For the listing below, return the line containing "Elsa Ice Crown", the line containing "Big black-eared mouse tシャツ (正面フル)", and all lines in between, exactly as written and nothing else.

RECORDS SHOWN:
Segment Open
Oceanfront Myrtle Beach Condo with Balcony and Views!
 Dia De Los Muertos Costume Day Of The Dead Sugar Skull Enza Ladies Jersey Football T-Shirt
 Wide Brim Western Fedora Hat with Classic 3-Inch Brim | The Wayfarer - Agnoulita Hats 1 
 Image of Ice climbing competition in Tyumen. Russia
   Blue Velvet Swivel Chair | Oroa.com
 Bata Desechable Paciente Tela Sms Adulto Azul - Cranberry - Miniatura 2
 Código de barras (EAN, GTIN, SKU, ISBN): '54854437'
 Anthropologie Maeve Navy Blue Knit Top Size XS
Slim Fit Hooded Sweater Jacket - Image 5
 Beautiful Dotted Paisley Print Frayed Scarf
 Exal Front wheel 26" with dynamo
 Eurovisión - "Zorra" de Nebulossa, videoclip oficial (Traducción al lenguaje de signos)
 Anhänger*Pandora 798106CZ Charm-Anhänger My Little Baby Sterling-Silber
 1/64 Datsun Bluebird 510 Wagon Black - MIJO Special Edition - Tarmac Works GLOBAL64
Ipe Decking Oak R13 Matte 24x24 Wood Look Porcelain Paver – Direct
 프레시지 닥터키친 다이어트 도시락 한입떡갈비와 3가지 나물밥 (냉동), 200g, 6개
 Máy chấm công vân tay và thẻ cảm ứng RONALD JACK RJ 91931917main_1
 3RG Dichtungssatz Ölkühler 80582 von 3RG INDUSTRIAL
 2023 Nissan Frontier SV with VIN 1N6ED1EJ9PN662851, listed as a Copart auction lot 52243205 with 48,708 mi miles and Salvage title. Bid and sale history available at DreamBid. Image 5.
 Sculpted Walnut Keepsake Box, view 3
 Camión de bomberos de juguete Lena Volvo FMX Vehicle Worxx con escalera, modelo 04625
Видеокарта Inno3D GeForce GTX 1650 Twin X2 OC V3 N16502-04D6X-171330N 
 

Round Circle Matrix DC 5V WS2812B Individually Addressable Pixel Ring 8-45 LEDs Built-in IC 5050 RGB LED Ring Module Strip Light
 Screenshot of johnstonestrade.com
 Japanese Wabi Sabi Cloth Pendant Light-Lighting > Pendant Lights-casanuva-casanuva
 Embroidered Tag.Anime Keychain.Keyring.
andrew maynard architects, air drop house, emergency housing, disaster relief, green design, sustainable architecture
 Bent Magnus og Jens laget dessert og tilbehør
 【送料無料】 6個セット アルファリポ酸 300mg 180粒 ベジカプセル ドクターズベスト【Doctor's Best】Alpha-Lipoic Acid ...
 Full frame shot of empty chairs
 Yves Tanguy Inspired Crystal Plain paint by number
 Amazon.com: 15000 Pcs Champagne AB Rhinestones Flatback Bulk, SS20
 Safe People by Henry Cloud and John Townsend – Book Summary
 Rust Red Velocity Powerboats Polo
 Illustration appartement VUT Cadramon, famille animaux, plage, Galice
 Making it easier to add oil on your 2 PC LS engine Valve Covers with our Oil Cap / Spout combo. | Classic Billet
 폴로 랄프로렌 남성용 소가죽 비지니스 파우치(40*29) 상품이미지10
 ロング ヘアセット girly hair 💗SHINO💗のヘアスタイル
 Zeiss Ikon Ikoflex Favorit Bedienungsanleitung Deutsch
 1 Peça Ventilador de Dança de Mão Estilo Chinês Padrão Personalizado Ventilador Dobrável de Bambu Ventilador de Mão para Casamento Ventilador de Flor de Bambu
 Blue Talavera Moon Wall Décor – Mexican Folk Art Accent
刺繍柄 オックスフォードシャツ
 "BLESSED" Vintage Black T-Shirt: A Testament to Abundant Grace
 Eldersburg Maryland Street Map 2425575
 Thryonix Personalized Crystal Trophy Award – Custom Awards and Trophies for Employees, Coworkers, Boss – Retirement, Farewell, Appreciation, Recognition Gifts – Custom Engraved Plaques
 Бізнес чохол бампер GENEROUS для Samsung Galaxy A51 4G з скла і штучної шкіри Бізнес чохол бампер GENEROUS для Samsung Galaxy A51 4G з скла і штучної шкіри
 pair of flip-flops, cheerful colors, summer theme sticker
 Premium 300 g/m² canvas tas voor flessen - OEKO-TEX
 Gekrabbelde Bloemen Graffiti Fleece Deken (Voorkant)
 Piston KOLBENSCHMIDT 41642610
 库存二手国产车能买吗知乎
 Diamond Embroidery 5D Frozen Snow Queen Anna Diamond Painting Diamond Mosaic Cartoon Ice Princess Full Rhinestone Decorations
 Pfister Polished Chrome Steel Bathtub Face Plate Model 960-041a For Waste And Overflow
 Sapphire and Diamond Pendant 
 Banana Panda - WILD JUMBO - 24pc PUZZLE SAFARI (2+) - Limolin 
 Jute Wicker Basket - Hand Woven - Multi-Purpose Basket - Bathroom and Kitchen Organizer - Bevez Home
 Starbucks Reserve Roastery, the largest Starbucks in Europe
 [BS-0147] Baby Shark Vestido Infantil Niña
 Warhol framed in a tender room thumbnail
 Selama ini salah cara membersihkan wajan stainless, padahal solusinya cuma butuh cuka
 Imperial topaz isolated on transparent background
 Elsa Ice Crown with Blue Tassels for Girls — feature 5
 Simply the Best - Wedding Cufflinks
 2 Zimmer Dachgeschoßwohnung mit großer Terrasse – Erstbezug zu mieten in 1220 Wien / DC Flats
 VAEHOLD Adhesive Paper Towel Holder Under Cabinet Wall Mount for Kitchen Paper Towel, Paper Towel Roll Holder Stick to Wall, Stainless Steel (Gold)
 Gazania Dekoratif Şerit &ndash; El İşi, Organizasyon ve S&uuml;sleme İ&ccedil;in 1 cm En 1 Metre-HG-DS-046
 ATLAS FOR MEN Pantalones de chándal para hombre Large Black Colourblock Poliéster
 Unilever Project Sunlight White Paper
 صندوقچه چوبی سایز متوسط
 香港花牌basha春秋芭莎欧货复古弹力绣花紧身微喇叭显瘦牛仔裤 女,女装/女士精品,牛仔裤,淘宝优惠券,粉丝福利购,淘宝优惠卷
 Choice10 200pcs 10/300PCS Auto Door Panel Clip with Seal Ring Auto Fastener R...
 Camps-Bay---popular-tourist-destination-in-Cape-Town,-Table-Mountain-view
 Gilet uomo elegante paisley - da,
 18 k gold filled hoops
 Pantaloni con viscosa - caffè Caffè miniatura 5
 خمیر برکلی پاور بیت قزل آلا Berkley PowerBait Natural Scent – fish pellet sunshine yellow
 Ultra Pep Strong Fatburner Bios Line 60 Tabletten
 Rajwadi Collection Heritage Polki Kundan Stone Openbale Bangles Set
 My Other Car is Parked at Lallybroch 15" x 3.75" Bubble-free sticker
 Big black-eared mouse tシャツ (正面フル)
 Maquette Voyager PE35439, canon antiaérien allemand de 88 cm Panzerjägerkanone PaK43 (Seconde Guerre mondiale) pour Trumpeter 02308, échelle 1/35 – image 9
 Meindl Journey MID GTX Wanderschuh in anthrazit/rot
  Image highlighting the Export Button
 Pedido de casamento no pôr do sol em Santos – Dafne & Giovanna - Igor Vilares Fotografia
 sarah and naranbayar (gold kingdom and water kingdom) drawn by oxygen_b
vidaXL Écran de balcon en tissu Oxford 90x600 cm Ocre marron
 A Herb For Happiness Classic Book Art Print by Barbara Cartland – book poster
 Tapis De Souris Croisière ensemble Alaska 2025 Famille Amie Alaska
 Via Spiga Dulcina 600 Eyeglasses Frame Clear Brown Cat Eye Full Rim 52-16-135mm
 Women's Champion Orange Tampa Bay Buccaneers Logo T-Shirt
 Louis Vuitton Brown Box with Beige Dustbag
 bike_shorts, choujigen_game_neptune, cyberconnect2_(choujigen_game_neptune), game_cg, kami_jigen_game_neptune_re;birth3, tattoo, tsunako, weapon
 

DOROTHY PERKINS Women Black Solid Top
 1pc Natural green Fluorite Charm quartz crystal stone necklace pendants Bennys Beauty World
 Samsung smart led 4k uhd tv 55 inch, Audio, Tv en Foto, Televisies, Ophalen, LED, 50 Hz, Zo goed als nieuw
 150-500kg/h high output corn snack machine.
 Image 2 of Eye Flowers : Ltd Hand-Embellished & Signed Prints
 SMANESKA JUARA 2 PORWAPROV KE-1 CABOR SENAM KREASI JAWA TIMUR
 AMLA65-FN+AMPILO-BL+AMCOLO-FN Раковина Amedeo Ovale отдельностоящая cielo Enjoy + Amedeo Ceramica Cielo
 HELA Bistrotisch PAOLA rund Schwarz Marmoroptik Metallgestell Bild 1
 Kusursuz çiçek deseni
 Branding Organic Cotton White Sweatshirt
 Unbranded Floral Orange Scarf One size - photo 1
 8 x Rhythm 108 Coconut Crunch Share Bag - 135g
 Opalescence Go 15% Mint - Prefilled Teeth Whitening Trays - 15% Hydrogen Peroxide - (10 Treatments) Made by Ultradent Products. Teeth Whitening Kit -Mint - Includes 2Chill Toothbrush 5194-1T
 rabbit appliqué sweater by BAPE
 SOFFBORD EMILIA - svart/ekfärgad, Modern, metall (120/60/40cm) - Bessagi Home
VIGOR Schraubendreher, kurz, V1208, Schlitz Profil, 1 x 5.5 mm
Segment Closed
RESPONSE:
 Elsa Ice Crown with Blue Tassels for Girls — feature 5
 Simply the Best - Wedding Cufflinks
 2 Zimmer Dachgeschoßwohnung mit großer Terrasse – Erstbezug zu mieten in 1220 Wien / DC Flats
 VAEHOLD Adhesive Paper Towel Holder Under Cabinet Wall Mount for Kitchen Paper Towel, Paper Towel Roll Holder Stick to Wall, Stainless Steel (Gold)
 Gazania Dekoratif Şerit &ndash; El İşi, Organizasyon ve S&uuml;sleme İ&ccedil;in 1 cm En 1 Metre-HG-DS-046
 ATLAS FOR MEN Pantalones de chándal para hombre Large Black Colourblock Poliéster
 Unilever Project Sunlight White Paper
 صندوقچه چوبی سایز متوسط
 香港花牌basha春秋芭莎欧货复古弹力绣花紧身微喇叭显瘦牛仔裤 女,女装/女士精品,牛仔裤,淘宝优惠券,粉丝福利购,淘宝优惠卷
 Choice10 200pcs 10/300PCS Auto Door Panel Clip with Seal Ring Auto Fastener R...
 Camps-Bay---popular-tourist-destination-in-Cape-Town,-Table-Mountain-view
 Gilet uomo elegante paisley - da,
 18 k gold filled hoops
 Pantaloni con viscosa - caffè Caffè miniatura 5
 خمیر برکلی پاور بیت قزل آلا Berkley PowerBait Natural Scent – fish pellet sunshine yellow
 Ultra Pep Strong Fatburner Bios Line 60 Tabletten
 Rajwadi Collection Heritage Polki Kundan Stone Openbale Bangles Set
 My Other Car is Parked at Lallybroch 15" x 3.75" Bubble-free sticker
 Big black-eared mouse tシャツ (正面フル)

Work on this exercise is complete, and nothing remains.